Tuesday, March 09, 2010
Regular readers of this blog will know that I am a dyed-in-the-wool Laser sailor. Occasionally I even give into the temptation to make fun of other kinds of sailboats. I'm ashamed to admit I have even used phrases like "pontoon boats" and "training wheels" to denigrate catamarans. In my defense I only did it to annoy a certain sailing blogger from the other coast. (Is that a defense? Probably not.)
So how strange it was that on my vacation last December at the Bitter End Yacht Club in the British Virgin Islands I found myself drawn to the dark side. I felt this weird attraction to sailing catamarans. By the end of the vacation I was (almost) hooked. Very strange.
Part 1 of the strange affair came when I took my wife out for a ride on a Hobie Wave on Saturday, our first full day at BEYC. I wrote about it at Tillerwoman's Rules. My wife never sails with me. My wife doesn't like sailing (she says.) But there we were blasting around North Sound on the Wave and she was laughing and having fun! On a catamaran! So that did at least prepare me to start thinking about the possibility that perhaps I ought to keep an open mind on the question of whether or not there might be some merit to catamaran sailing. But don't tell Joe.
Part 2 of my strange affair with cat sailing came on the following Tuesday when I signed up for something described as "Hobie Cat Out of Bounds." Like every sailing resort I have ever been to, BEYC has a defined area for dinghy and beach cat sailing. It's basically the waters that are in line of sight of the watersports center staff, so if that bald old fool with the English accent who takes out a Laser every morning gets himself into trouble they can see him and go out and tow him in. But on Tuesday afternoon there was a trip to "Out of Bounds!" Woo hoo. I had to be part of that... even if it was in boats with training wheels.
On Tuesday morning I did my husbandly duties by going sea-kayaking with Tillerwoman and then I took her for a ride in a Boston whaler.

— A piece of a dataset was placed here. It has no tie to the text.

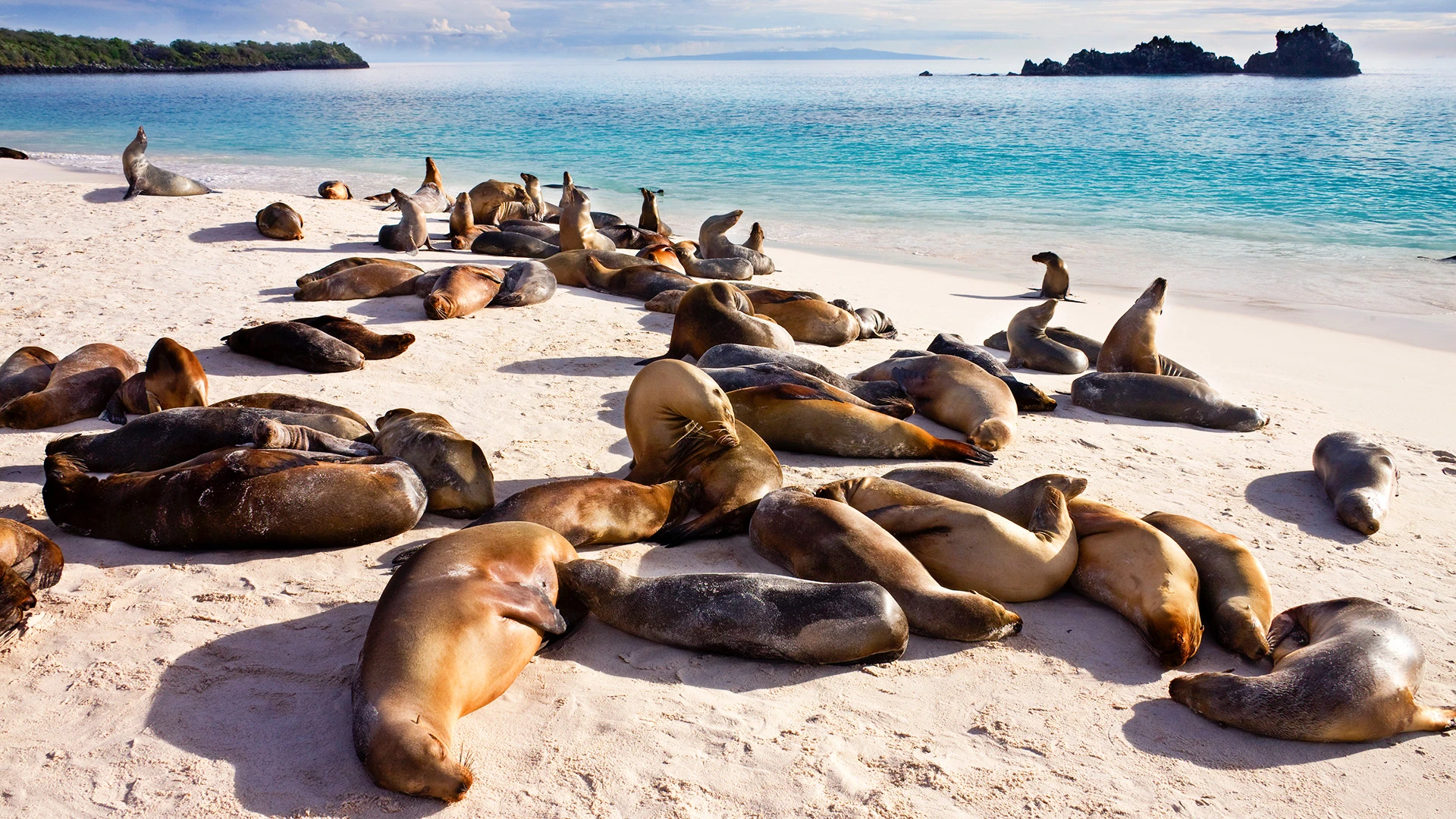 Eastern Galápagos: Mid-Size Classic Expedition Cruise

I was beginning to think she really does like boating after all.
Then, after a somewhat alcoholic lunch, I showed up at the watersports center a few minutes before the supposed start time for the "Out of Bounds Experience!" only to find that the instructor in charge of our adventure (whom I had not met before) was already briefing the other participants. Hmmm. How did that happen?
So I never really discovered the instructor's name. I think it was James. As far as I could gather the plan was to sail upwind past Saba Rock, across Eustatia Sound where the evil kite surfers play (don't get me started) and where we real sailors are not usually allowed to go. Then we would all gather near Eustatia Reef until James would lead us through a secret gap in the reef and out into the Atlantic Ocean. Then a long downwind roller coaster ride past Richard's Branson's private island, Necker. There was some mention of a stop for a drink on some sand spit out there on the wild, wild ocean but I wasn't listening too closely and figured I would just follow James, or whatever his name was. Then round the NW corner of Prickly Pear Island staying in the channel to avoid another reef, back to BEYC and return to my stash of rum.

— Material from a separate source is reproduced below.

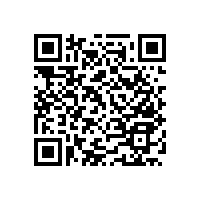 藍(lán)品盾殘疾人小便斗扶手樣式推薦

At least that was the plan.
There were six Hobie Waves in all. James (or whatever his name was) on one. Two boats each with a couple on. And three of us sailing single-handed: the guy who won the second Hobie race on Sunday and who seemed to know what he was doing; me, who had no clue what he was doing; and a lady - her name was McGill and she called herself Lil but everyone knew her as Nancy.
So we all set off in a stiff NW breeze to cut through one of the two narrow gaps past Saba Rock and then out in Eustatia Sound. I think James said some final words about trying to stay together. Fat chance. Poor guy. He really was herding cats.
It occurred to me as I set off upwind that I had never sailed one of these machines solo before. I had always had the trusty Tillerwoman as ballast on my previous Hobie adventures. But what could go wrong? It seemed that I had little to worry about because "guy who won the race on Sunday" and I were soon through the gap and beating up Eustatia Sound. The wind was significantly stronger up there than in the more sheltered "in-bounds" sailing area and there was a nice steep chop somewhat reminiscent of my home waters on Narragansett bay.
I looked back. James seemed to be having trouble herding the other cats. One of the couples caught us up but the other couple and the lady known as Nancy were definitely lagging. So we noodled around trying not to get tangled up with the evil kite surfers and their razor wire kite strings (don't get me started.) Eventually James managed to corral all six cats into approximately one group and herd us through the invisible gap in the reef.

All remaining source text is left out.